LinuxLists.cc - RE: [ofa-general] Re: [PATCH RFC] RDMA/CMA: Allocate PS

2007-08-20 16:55:21

Subject: RE: [ofa-general] Re: [PATCH RFC] RDMA/CMA: Allocate PS_TCPportsfrom the host TCP port space.

> -----Original Message-----
> From: Evgeniy Polyakov [mailto:[email protected]]
> Sent: Monday, August 20, 2007 2:43 AM
> To: Felix Marti
> Cc: David Miller; [email protected]; [email protected];
> [email protected]; [email protected]; linux-
> [email protected]; [email protected]
> Subject: Re: [ofa-general] Re: [PATCH RFC] RDMA/CMA: Allocate
> PS_TCPportsfrom the host TCP port space.
>
> On Sun, Aug 19, 2007 at 05:47:59PM -0700, Felix Marti
> ([email protected]) wrote:
> > [Felix Marti] David and Herbert, so you agree that the user<>kernel
> > space memory copy overhead is a significant overhead and we want to
> > enable zero-copy in both the receive and transmit path? - Yes, copy
>
> It depends.
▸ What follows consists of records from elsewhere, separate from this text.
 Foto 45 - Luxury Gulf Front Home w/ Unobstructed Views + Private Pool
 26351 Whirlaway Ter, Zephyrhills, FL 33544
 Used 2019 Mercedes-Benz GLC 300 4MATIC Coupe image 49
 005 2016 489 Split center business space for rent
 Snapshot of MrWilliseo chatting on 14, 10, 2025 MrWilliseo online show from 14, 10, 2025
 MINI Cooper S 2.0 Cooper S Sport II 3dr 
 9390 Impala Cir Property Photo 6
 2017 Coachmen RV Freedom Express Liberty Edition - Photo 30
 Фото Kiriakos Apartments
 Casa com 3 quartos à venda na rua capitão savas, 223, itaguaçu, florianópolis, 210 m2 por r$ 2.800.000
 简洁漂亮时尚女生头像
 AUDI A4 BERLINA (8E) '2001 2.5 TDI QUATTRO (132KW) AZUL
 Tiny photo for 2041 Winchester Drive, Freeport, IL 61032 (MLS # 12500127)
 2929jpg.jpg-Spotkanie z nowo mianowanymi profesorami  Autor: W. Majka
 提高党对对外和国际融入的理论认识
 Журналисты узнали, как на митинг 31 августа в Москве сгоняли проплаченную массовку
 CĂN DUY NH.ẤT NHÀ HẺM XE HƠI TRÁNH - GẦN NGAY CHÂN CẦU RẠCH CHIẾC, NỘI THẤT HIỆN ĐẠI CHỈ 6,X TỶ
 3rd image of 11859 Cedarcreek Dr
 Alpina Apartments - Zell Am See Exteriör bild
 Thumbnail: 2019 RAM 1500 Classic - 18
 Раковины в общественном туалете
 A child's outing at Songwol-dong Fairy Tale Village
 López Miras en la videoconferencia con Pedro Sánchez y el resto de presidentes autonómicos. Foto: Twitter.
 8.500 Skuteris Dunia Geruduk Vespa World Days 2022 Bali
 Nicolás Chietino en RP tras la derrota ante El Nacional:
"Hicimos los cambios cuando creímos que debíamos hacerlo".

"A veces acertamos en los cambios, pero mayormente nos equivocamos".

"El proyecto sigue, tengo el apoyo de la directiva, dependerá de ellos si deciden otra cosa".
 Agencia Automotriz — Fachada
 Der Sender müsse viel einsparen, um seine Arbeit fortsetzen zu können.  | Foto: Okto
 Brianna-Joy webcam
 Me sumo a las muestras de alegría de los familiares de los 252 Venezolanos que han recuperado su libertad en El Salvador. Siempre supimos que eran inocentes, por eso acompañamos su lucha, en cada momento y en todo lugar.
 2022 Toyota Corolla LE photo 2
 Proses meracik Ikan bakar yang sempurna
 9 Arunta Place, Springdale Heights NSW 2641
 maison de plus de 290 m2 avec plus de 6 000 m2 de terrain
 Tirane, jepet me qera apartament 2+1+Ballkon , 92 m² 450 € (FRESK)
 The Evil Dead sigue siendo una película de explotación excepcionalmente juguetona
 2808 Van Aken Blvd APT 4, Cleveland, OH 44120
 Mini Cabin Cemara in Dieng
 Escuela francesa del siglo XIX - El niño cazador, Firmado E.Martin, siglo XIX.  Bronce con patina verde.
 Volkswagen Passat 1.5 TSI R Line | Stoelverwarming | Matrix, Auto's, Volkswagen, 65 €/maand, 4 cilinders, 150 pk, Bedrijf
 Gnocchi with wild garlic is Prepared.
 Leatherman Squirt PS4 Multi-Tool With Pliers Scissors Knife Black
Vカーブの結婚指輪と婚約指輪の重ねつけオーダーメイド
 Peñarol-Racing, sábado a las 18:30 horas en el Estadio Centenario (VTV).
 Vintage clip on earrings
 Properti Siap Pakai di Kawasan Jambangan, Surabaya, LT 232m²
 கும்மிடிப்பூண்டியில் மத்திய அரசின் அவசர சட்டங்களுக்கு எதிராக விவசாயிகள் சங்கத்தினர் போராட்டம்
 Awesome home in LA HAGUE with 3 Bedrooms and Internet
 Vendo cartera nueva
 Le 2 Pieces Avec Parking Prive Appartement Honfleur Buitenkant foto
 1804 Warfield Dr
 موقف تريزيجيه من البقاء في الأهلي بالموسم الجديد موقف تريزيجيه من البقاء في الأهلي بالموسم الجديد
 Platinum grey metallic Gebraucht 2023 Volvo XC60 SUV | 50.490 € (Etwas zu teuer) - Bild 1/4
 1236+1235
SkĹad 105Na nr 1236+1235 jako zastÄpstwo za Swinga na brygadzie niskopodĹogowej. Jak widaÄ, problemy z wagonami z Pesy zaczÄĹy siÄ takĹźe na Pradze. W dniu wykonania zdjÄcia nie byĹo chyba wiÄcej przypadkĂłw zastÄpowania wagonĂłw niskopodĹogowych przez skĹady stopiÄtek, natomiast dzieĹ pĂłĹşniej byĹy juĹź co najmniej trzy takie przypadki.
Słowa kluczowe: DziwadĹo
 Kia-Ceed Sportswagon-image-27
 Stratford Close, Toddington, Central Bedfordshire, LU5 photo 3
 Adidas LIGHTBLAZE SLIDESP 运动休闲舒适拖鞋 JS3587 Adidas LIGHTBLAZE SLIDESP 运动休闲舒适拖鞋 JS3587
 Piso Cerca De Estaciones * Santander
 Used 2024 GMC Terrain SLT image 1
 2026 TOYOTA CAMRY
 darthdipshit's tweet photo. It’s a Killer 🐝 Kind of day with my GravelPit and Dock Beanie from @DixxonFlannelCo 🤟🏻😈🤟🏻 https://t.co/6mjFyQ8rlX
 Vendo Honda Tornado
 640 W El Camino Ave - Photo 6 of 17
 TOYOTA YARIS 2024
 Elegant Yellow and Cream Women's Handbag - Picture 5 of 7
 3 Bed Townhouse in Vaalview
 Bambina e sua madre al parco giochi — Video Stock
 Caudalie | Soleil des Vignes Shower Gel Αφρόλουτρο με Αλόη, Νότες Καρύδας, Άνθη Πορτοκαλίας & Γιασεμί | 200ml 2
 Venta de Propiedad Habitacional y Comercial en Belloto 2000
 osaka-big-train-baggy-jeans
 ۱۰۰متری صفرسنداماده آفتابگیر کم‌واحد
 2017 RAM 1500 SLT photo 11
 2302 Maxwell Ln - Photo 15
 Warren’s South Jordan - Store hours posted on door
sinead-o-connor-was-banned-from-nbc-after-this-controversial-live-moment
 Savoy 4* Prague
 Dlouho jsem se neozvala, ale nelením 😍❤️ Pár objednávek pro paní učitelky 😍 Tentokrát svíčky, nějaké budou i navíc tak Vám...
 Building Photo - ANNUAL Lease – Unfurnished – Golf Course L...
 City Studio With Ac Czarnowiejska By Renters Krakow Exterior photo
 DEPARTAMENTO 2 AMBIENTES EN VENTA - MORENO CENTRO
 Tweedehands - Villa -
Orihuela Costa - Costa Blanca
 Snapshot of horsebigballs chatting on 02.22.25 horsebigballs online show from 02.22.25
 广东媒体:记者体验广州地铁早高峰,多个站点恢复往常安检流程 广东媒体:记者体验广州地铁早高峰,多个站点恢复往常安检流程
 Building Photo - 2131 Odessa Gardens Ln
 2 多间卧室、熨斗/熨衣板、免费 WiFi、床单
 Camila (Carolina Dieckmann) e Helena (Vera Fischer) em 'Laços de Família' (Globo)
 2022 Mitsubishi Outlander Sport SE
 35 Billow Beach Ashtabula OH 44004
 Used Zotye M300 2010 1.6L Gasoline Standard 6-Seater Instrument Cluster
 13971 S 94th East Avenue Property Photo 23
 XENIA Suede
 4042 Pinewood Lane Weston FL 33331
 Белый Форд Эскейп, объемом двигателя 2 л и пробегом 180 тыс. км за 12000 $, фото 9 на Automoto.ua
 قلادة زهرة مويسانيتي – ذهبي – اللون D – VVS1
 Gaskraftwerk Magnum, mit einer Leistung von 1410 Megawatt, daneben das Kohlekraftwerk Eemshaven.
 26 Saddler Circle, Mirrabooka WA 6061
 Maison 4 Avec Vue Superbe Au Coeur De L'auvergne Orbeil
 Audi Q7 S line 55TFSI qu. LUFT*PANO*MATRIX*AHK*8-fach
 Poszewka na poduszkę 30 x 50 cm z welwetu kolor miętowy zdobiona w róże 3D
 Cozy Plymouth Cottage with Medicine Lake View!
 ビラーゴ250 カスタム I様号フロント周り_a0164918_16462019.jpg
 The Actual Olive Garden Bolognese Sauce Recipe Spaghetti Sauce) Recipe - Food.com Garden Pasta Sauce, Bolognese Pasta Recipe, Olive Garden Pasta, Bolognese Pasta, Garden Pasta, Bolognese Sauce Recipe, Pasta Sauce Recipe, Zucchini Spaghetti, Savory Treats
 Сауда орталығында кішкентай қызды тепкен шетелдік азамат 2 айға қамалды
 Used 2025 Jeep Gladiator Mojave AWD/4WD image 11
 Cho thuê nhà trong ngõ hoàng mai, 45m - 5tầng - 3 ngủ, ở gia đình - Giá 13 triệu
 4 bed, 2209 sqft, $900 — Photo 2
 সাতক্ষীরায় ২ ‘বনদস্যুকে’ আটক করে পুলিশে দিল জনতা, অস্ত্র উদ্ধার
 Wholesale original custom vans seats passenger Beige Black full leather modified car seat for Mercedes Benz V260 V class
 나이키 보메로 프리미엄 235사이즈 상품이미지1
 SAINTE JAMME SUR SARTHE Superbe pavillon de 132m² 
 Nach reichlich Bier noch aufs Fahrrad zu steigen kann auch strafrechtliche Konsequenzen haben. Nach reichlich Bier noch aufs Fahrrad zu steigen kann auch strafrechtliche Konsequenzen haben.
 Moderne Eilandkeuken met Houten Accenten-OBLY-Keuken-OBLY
If you need to access that data after received, you will
> get
> cache miss and performance will not be much better (if any) that with
> copy.
Yes, the app will take the cache hits when accessing the data. However,
the fact remains that if there is a copy in the receive path, you
require and additional 3x memory BW (which is very significant at these
high rates and most likely the bottleneck for most current systems)...
and somebody always has to take the cache miss be it the copy_to_user or
the app.
>
> > avoidance is mainly an API issue and unfortunately the so widely
used
> > (synchronous) sockets API doesn't make copy avoidance easy, which is
> one
> > area where protocol offload can help. Yes, some apps can resort to
> > sendfile() but there are many apps which seem to have trouble
> switching
> > to that API... and what about the receive path?
>
> There is number of implementations, and all they are suitable for is
> to have recvfile(), since this is likely the only case, which can work
> without cache.
>
> And actually RDMA stack exist and no one said it should be thrown away
> _until_ it messes with main stack. It started to speal ports. What
will
> happen when it gest all port space and no new legal network conection
> can be opened, although there is no way to show to user who got it?
> What will happen if hardware RDMA connection got terminated and
> software
> could not free the port? Will RDMA request to export connection reset
> functions out of stack to drop network connections which are on the
> ports
> which are supposed to be used by new RDMA connections?
Yes, RDMA support is there... but we could make it better and easier to
use. We have a problem today with port sharing and there was a proposal
to address the issue by tighter integration (see the beginning of the
thread) but the proposal got shot down immediately... because it is RDMA
and not for technical reasons. I believe this email threads shows in
detail how RDMA (a network technology) is treated as bastard child by
the network folks, well at least by one of them.
>
> RDMA is not a problem, but how it influence to the network stack is.
> Let's better think about how to work correctly with network stack
> (since
> we already have that cr^Wdifferent hardware) instead of saying that
> others do bad work and do not allow shiny new feature to exist.
By no means did I want to imply that others do bad work; are you
referring to me using TSO implementation issues as an example? - If so,
let me clarify: I understand that the TSO implementation took some time
to get right. What I was referring to is that TSO(/LRO) have their own
issues, some eluded to by Roland and me. In fact, customers working on
the LSR couldn't use TSO due to the burstiness it introduces and had to
fall-back to our fine grained packet scheduling done in the offload
device. I am for variety, let us support new technologies that solve
real problems (lots of folks are buying this stuff for a reason) instead
of the 'ah, its brain-dead and has no future' attitude... there is
precedence for offloading the host CPUs: have a look at graphics.
Graphics used to be done by the host CPU and now we have dedicated
graphics adapters that do a much better job... so, why is it so
farfetched that offload devices can do a better job at a data-flow
problem?
>
> --
> Evgeniy Polyakov

2007-08-20 17:17:20

by Andi Kleen

[permalink] [raw]

Subject: Re: [ofa-general] Re: [PATCH RFC] RDMA/CMA: Allocate PS_TCPportsfrom the host TCP port space.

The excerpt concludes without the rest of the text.